Information supplied:
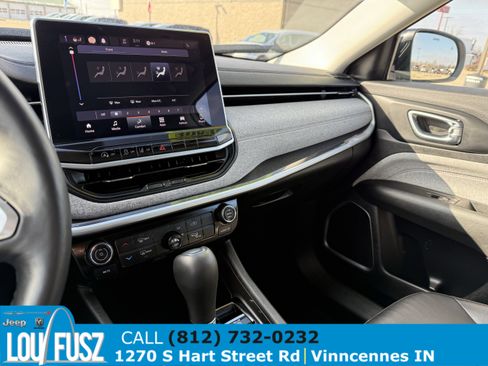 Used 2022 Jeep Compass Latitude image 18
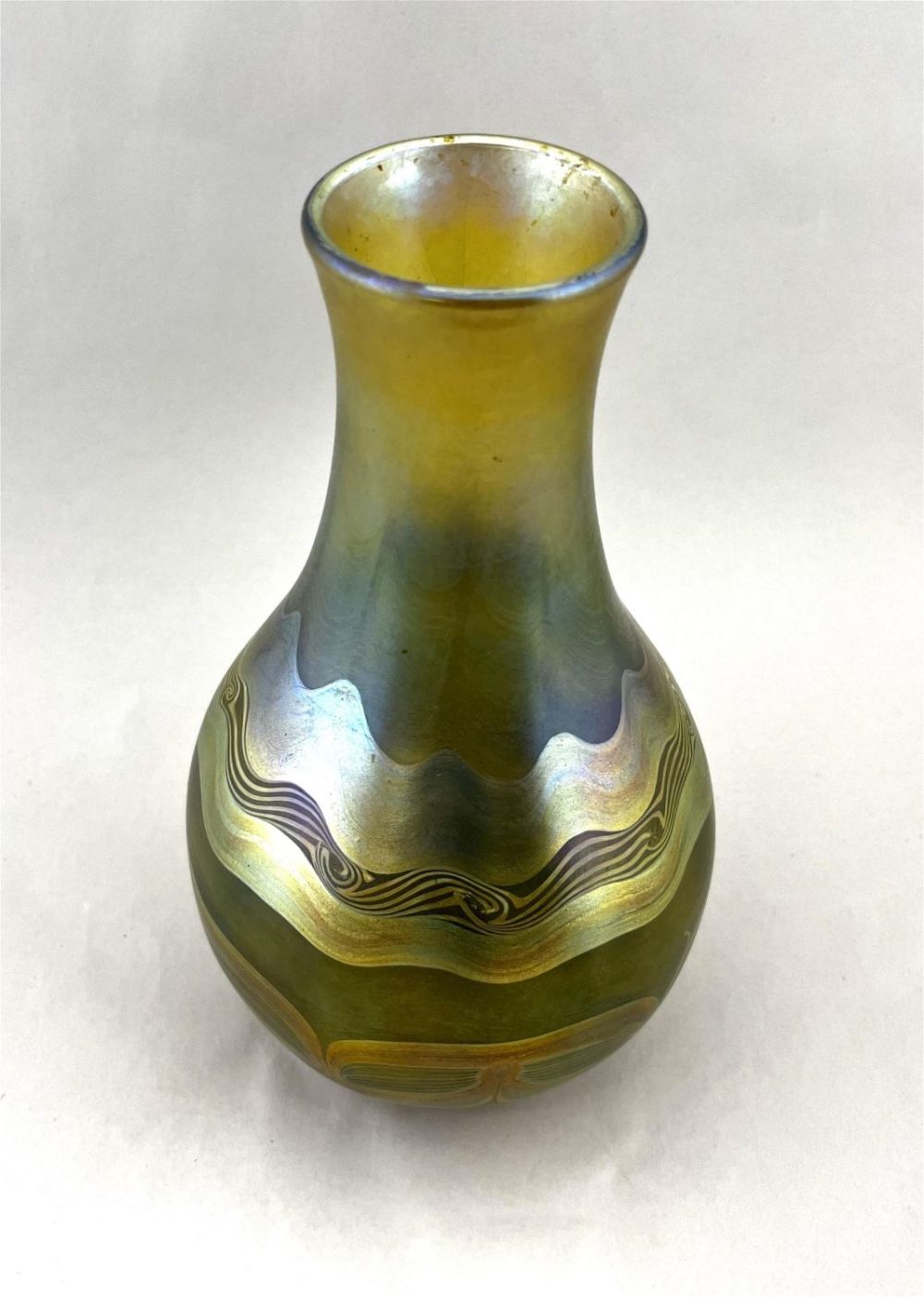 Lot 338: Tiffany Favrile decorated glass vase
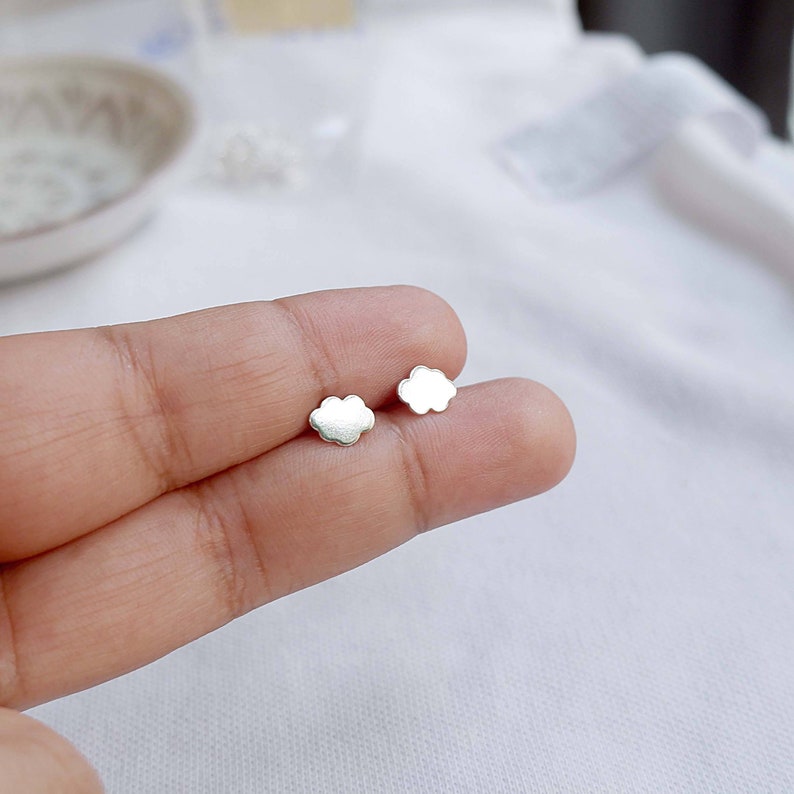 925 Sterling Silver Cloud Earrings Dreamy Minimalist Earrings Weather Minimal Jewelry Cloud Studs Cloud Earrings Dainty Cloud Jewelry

Exercise description: Retype the lines starting with the one that holds "Lot 338: Tiffany" and ending with the last line of the data above, both included; skip the pictures.

Solved problem:
 Lot 338: Tiffany Favrile decorated glass vase
 925 Sterling Silver Cloud Earrings Dreamy Minimalist Earrings Weather Minimal Jewelry Cloud Studs Cloud Earrings Dainty Cloud Jewelry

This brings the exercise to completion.